━━━ AVAILABLE DATA

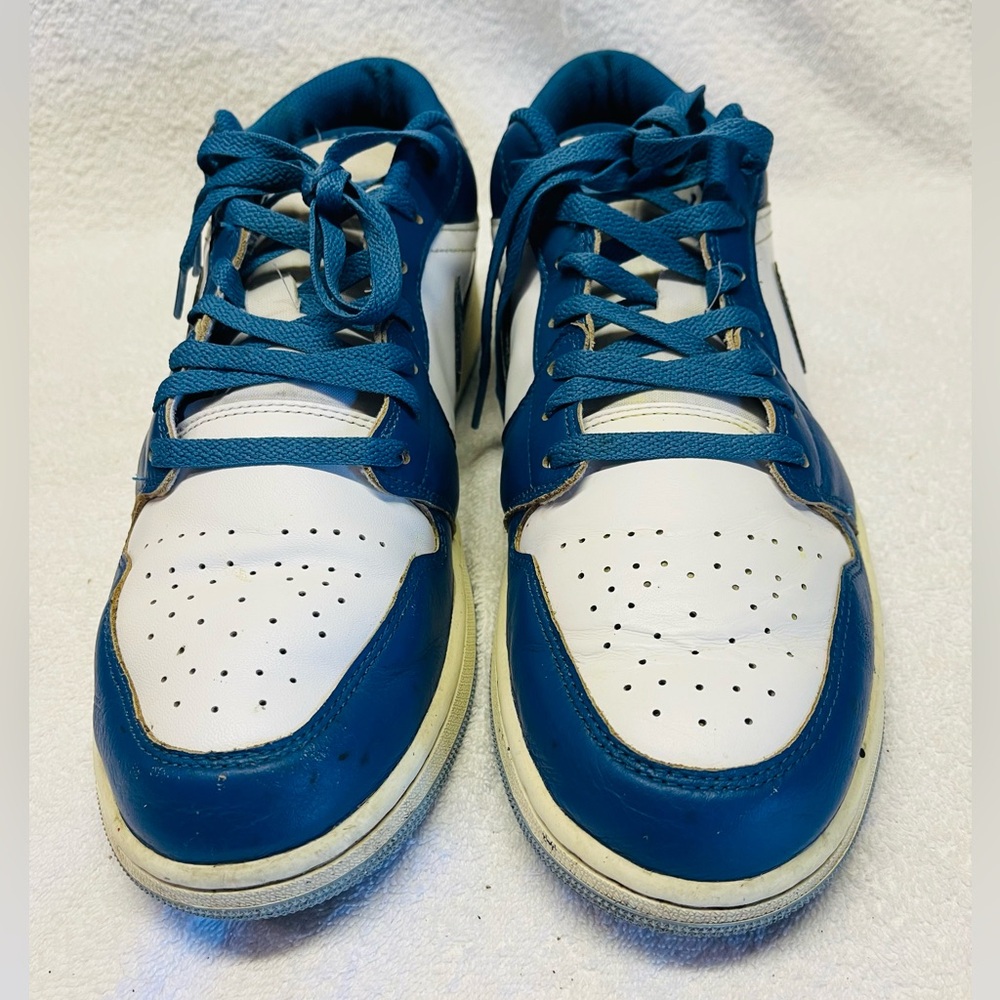 Nike GS Air Jordan1 Low SE Industrial Blue White Mens 12.5 - Picture 4 of 9
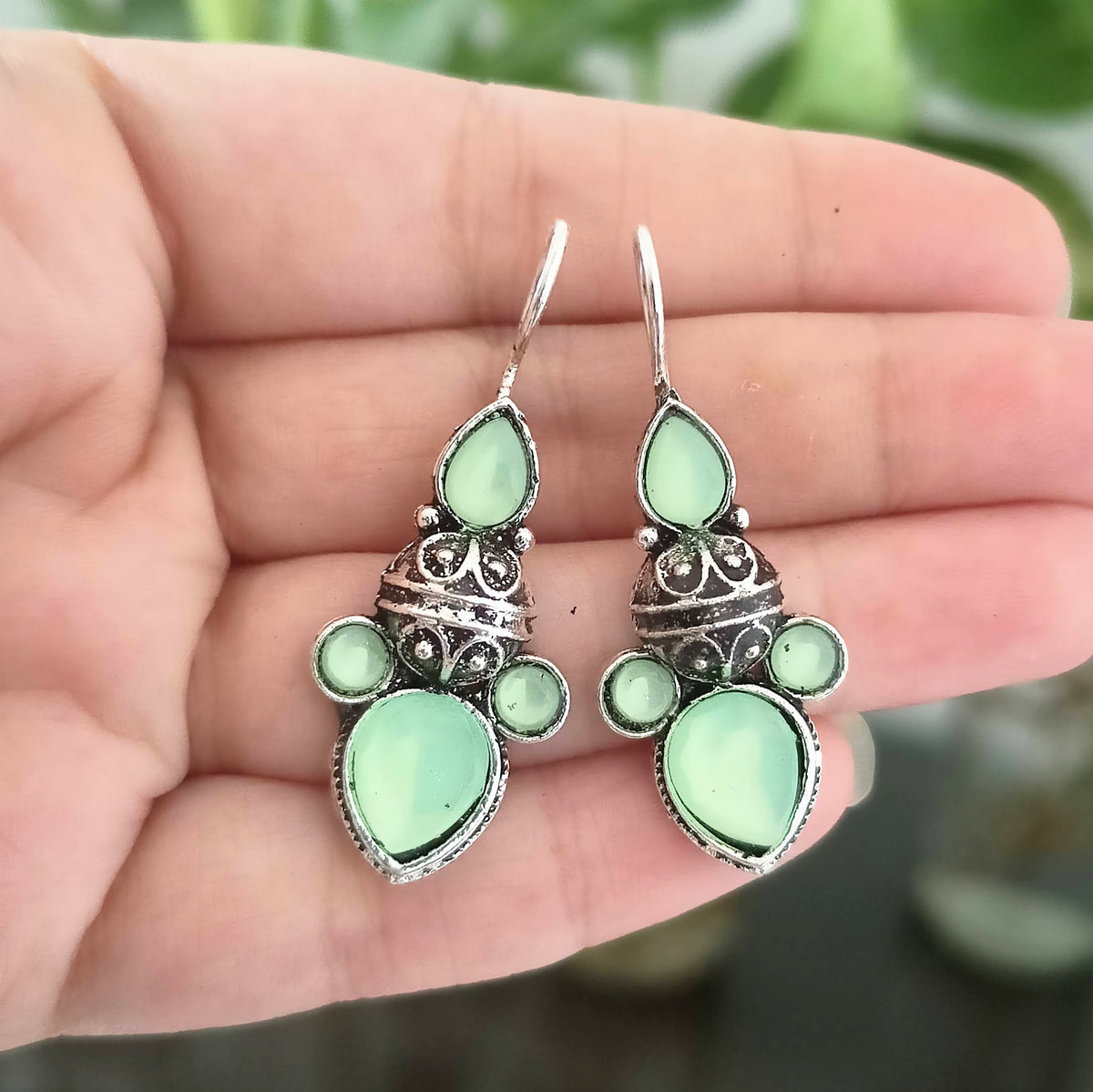 Green Color Stone Banjara Style Oxidised Silver Earrings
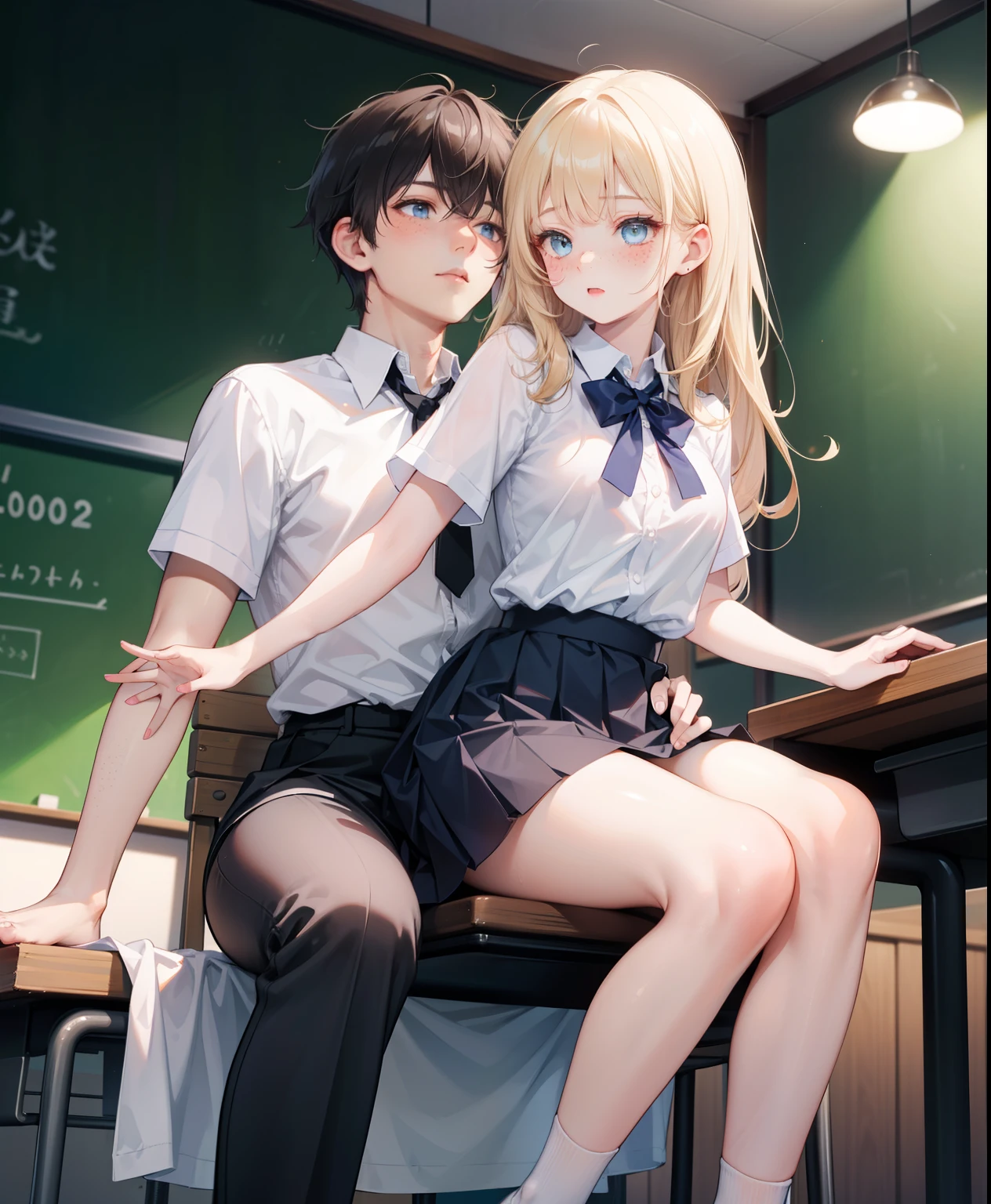 ((girl and man)), , , Dynamic posing, dynamic angle, Arrange pose,Top quality work，Show Legs，(long light ginger hair),((light blue eyes)), freckles, Rose cheeks, Pretty Face, A perfectly proportioned face, school white shirt and black skirt, (school uniform), (school white shirt), white stockings，school, in classroom, full-body view), ((dark fantasy)),((handsome boy grabbing girls ass)), ((girl riding on a man)), erotic posing,Gothic background, Dark fantastic view,Best Quality,masutepiece,8K,The ultimate detailed dark background, Top image quality、RAW photography、超A high resolution，cropped shoulders, overall look is very erotic, model shoot, round chest, Beautiful Eyes of Details、Very slender eyes、Beautiful eyelashes、Very slim physique, with blush cheeks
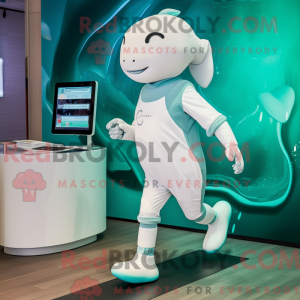 Teal Beluga Whale mascot...
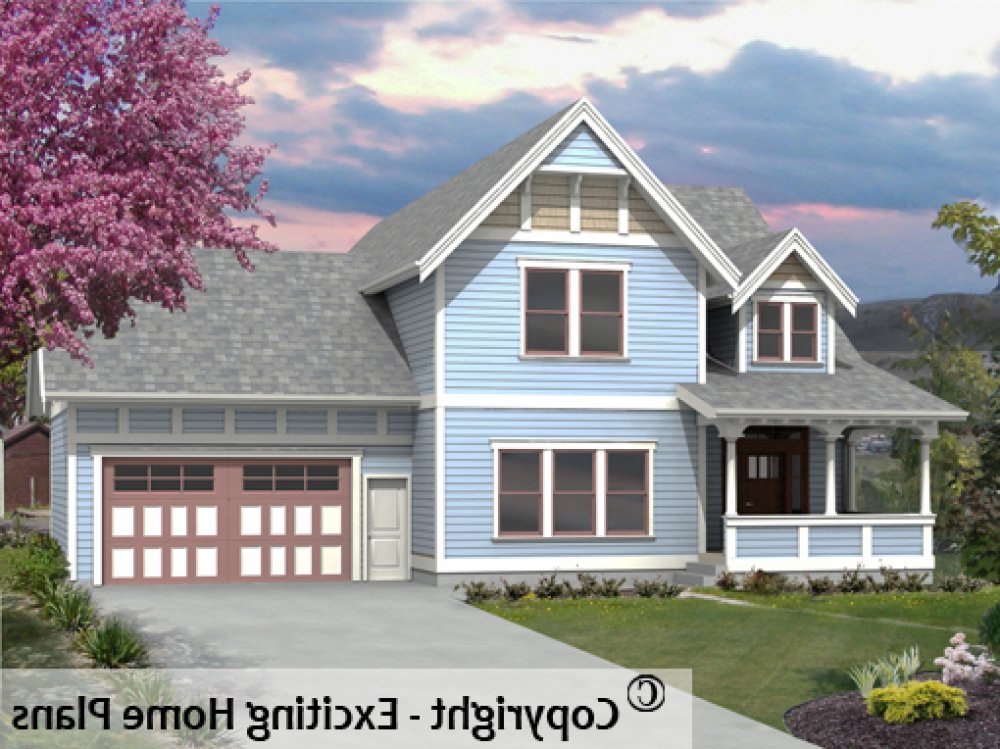 House Plan E1631-10 Front 3D View REVERSE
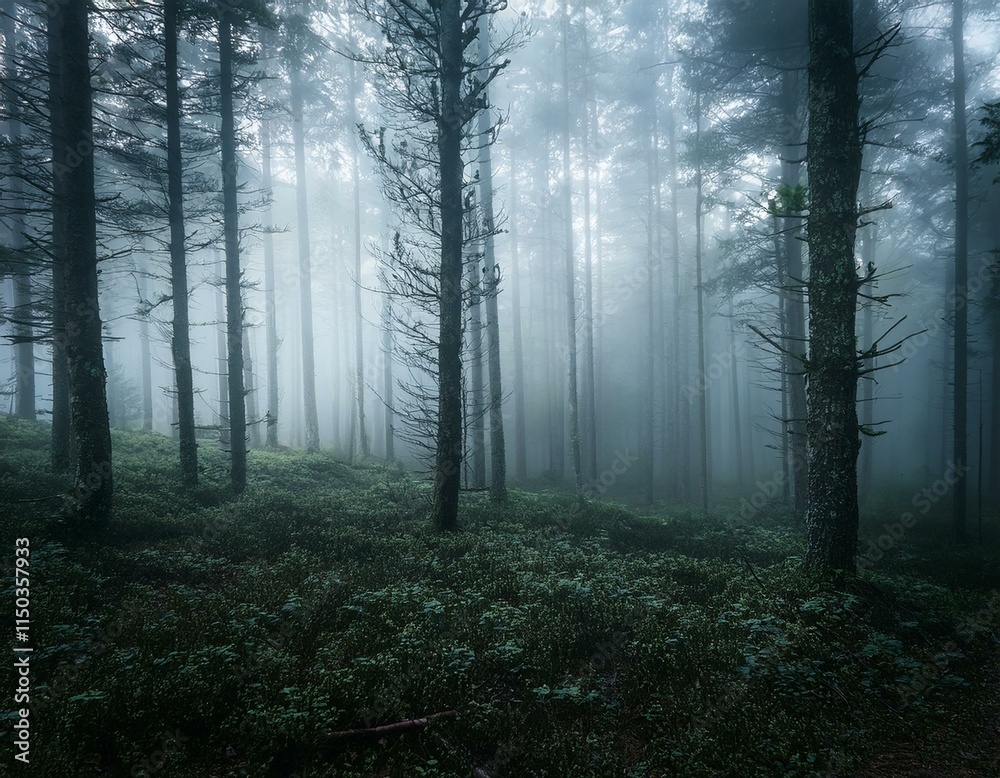 Obraz premium Generated image dark foggy forest panorama view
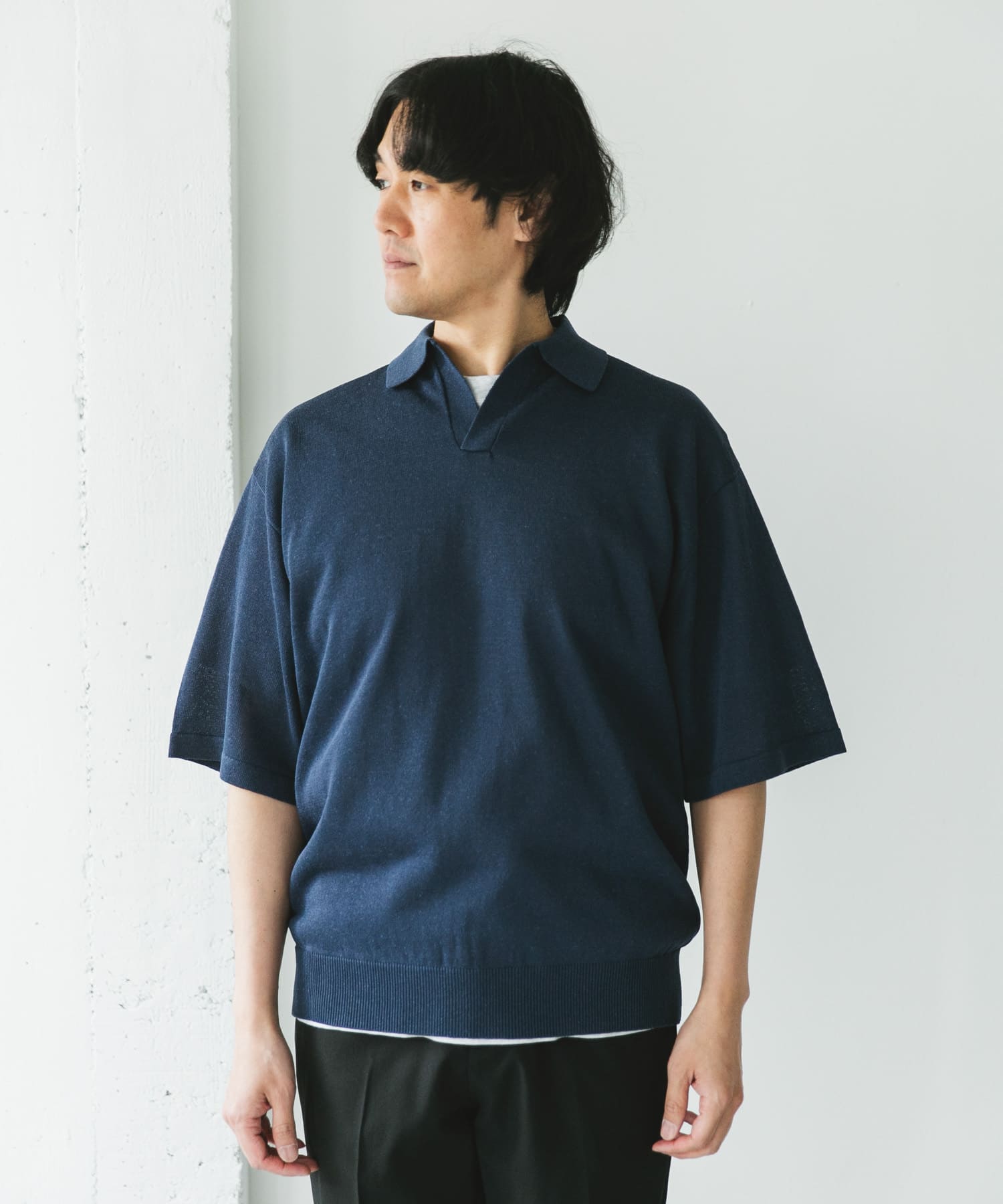 リネン混ハイゲージ スキッパーニットポロシャツ(M BLACK): トップス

━━━━━━

What is needed is an exact reproduction of the data, pictures excluded.

## [REPLY]
 Nike GS Air Jordan1 Low SE Industrial Blue White Mens 12.5 - Picture 4 of 9
 Green Color Stone Banjara Style Oxidised Silver Earrings
 ((girl and man)), , , Dynamic posing, dynamic angle, Arrange pose,Top quality work，Show Legs，(long light ginger hair),((light blue eyes)), freckles, Rose cheeks, Pretty Face, A perfectly proportioned face, school white shirt and black skirt, (school uniform), (school white shirt), white stockings，school, in classroom, full-body view), ((dark fantasy)),((handsome boy grabbing girls ass)), ((girl riding on a man)), erotic posing,Gothic background, Dark fantastic view,Best Quality,masutepiece,8K,The ultimate detailed dark background, Top image quality、RAW photography、超A high resolution，cropped shoulders, overall look is very erotic, model shoot, round chest, Beautiful Eyes of Details、Very slender eyes、Beautiful eyelashes、Very slim physique, with blush cheeks
 Teal Beluga Whale mascot...
 House Plan E1631-10 Front 3D View REVERSE
 Obraz premium Generated image dark foggy forest panorama view
 リネン混ハイゲージ スキッパーニットポロシャツ(M BLACK): トップス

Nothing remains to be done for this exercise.